The patent in suit explains the mechanism of preventing bleed by using a polymer in that the polymer flocculates or precipitates at the interface of the two adjacent inks, thus building up a barrier which prevents the inks from intermingling, cf. page 5, lines 27 to 29. In addition, the interaction of the polymer with the counter ion of the adjacent ink may cause a rise in viscosity at the interface, thus further preventing mixing and bleed of the inks.
However, a person skilled in the art would not have expected from the fact that a precipitating agent like a ionic polymer was suitable for conferring water resistance, when subsequently added as a separate component as in document D3, that it could also be added to the ink itself to prevent colour bleed within the short time scale necessary.
3.2.3. The diffusion coefficients of polymers in aqueous solutions are far below those of the ionic salts suggested in document D1, and document D10 makes mention of adverse effects of polymers in inks, like viscosity increase and of the danger of polymer precipitation.
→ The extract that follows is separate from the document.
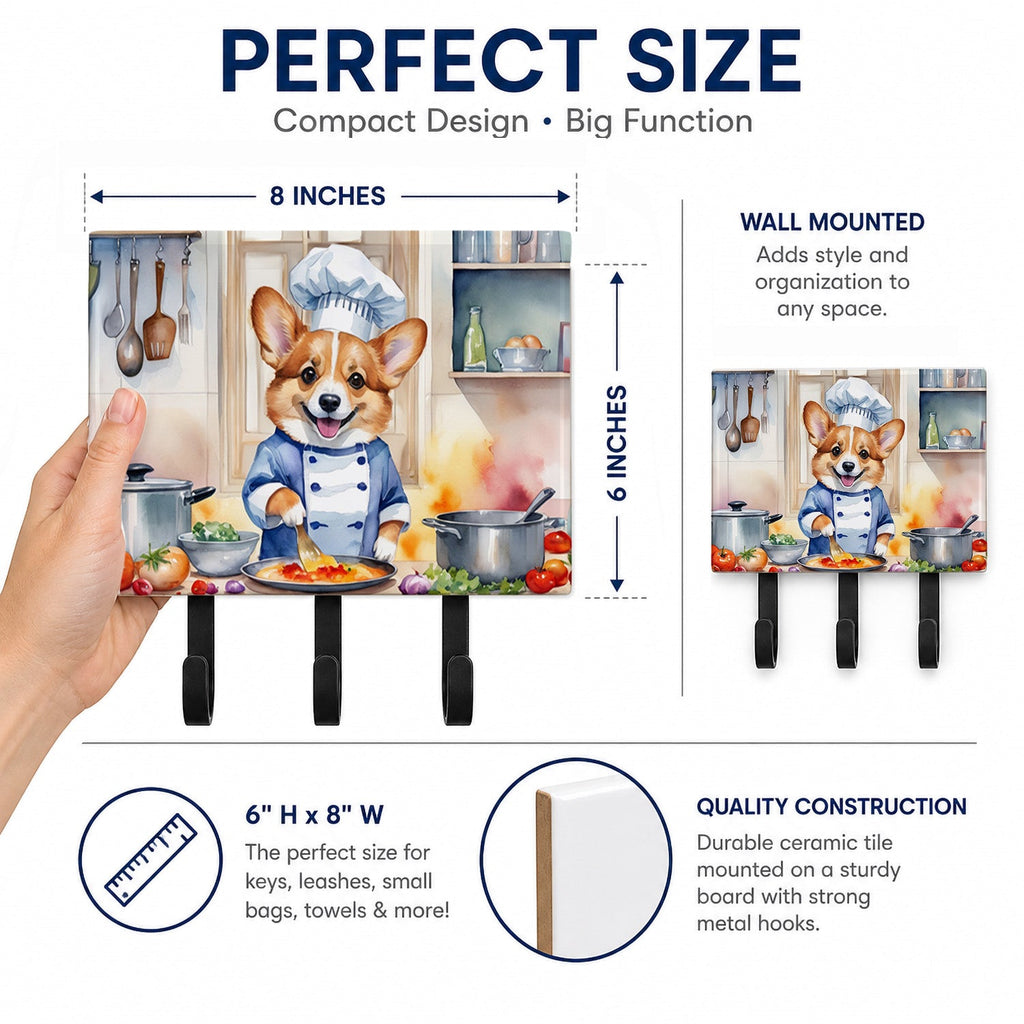 Corgi The Chef Leash or Key Holder Wall Hooks, Coat Rack Wall Mount, for Hanging Keys, Towels, Aprons, Leashes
Thus, for those reasons, a skilled person would not assume that ionic polymers were suitable substitutes for the ionic salts of document D1 for the purpose of preventing colour bleed at the interface of two adjacent colours.
3.2.4. Further, in the ink system of the patent in suit, the ionic polymer is contained in one of the inks, whereas according to document D3, the ionic polymer is applied separately and the inks all have the same and, with regard to the polymer, inverse ionic character. Thus, the teaching of document D3 of making a multi-colour printed image water resistant is incompatible with the teaching of document D1, which relates to an ink system comprising at least an anionic and at least a cationic ink.
In the process according to the patent in suit, there is essentially no precipitation in the polymer-containing ink, because the polymer is of the same ionic character as the ink. Consequently, the process according to the patent in suit does not necessarily make the printed image water-resistant.
3.2.5. To sum up, a person skilled in the art had no reason to combine the teachings of documents D1 and D3, in particular he/she would not consider using an ionic polymer in an ink system as disclosed in document D1 in order to further prevent ink bleed at the interface between adjacent inks.
The prior art as disclosed in documents D1 and D3 thus does not suggest a process and an ink system as defined in the patent in suit in claim 1 and claim 17, respectively.
3.2.6. Document D10 neither relates to the problem of colour bleed nor hints at the solution suggested in the patent in suit. The other documents cited in the course of the appeal procedure are of less relevance than the documents cited above.
4. Therefore, the subject-matter of claim 1 and the subject-matter of claim 17 of the patent in suit as granted involve an inventive step with regard to the available prior art.
The subject matter of claims 2 to 16 and 18 to 25 which are appendant to either claim 1 or claim 2 similarly involves an inventive step.
Consequently, the auxiliary requests of the proprietor that the patent be maintained in amended form did not have to be considered.
For these reasons it is decided that:
1. The decision under appeal is set aside.
2. The patent is maintained as granted.